● What you are asked to do
Give the records again in full, exactly as they appear, but without the pictures.

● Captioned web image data

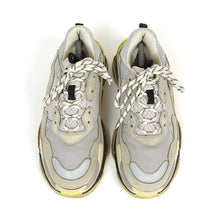 Load image into Gallery viewer, Balenciaga Triple S Sneakers Size 42
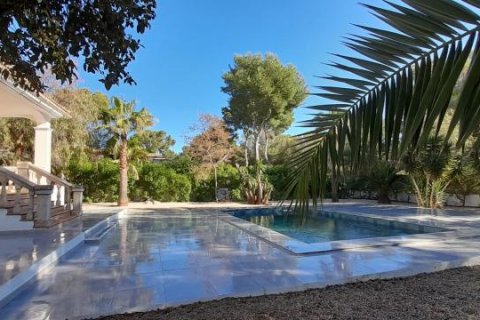 Villa till salu Santa Ponsa, Mallorca, Spanien 5 sovrum, 330 kvm. Nr. 108971 - foto 1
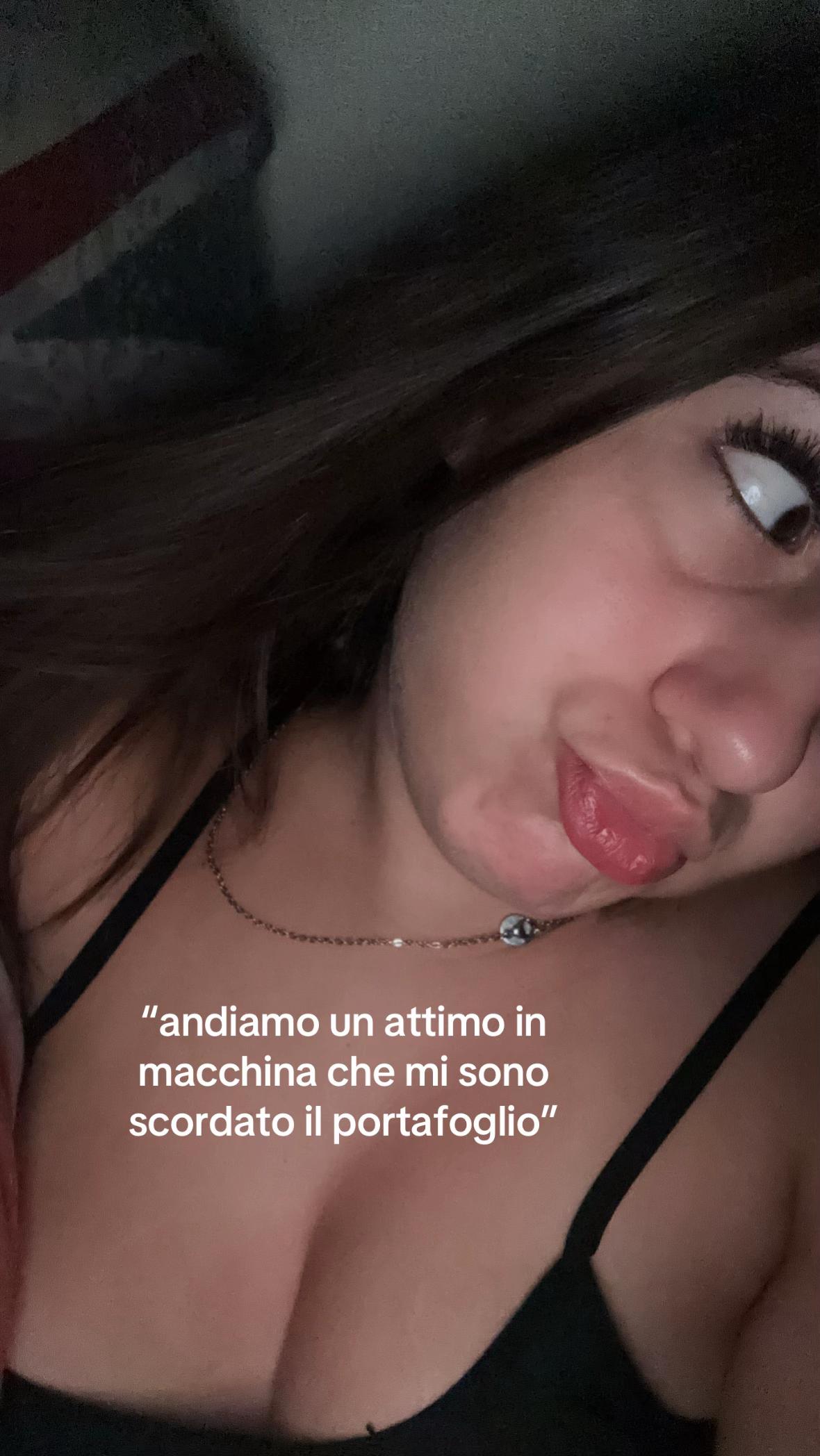 @emm&ugrave;🥥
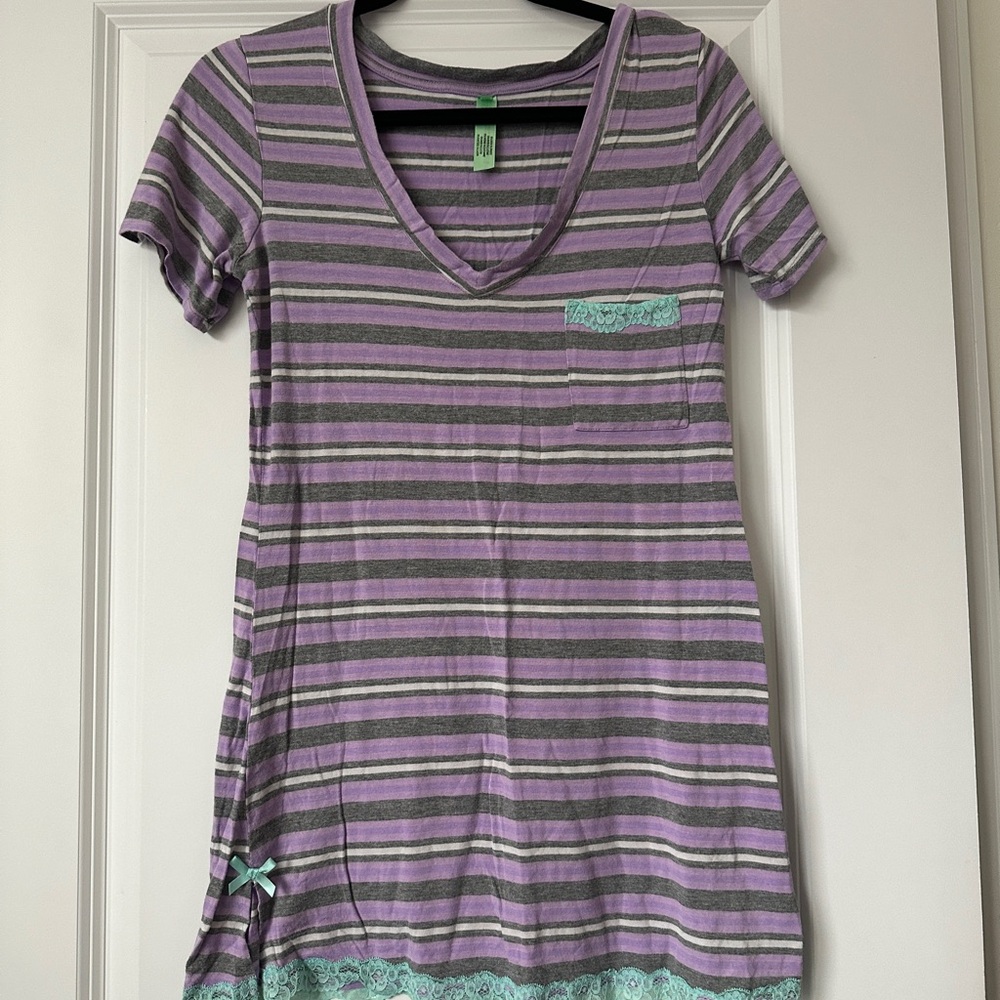 Honeydew Striped Purple and Green V-Neck nightgown women’s size small lace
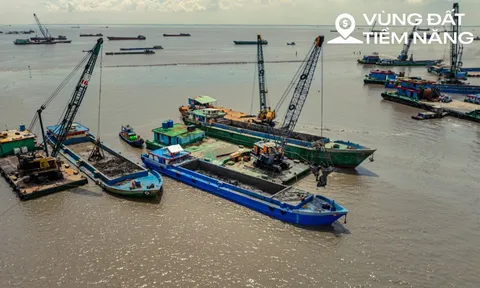Ngắm cảnh hàng trăm sà lan hoạt động suốt ngày đêm ở đại dự án lấn biển lớn nhất Việt Nam của Vinhomes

● Response area
 Load image into Gallery viewer, Balenciaga Triple S Sneakers Size 42
 Villa till salu Santa Ponsa, Mallorca, Spanien 5 sovrum, 330 kvm. Nr. 108971 - foto 1
 @emm&ugrave;🥥
 Honeydew Striped Purple and Green V-Neck nightgown women’s size small lace
Ngắm cảnh hàng trăm sà lan hoạt động suốt ngày đêm ở đại dự án lấn biển lớn nhất Việt Nam của Vinhomes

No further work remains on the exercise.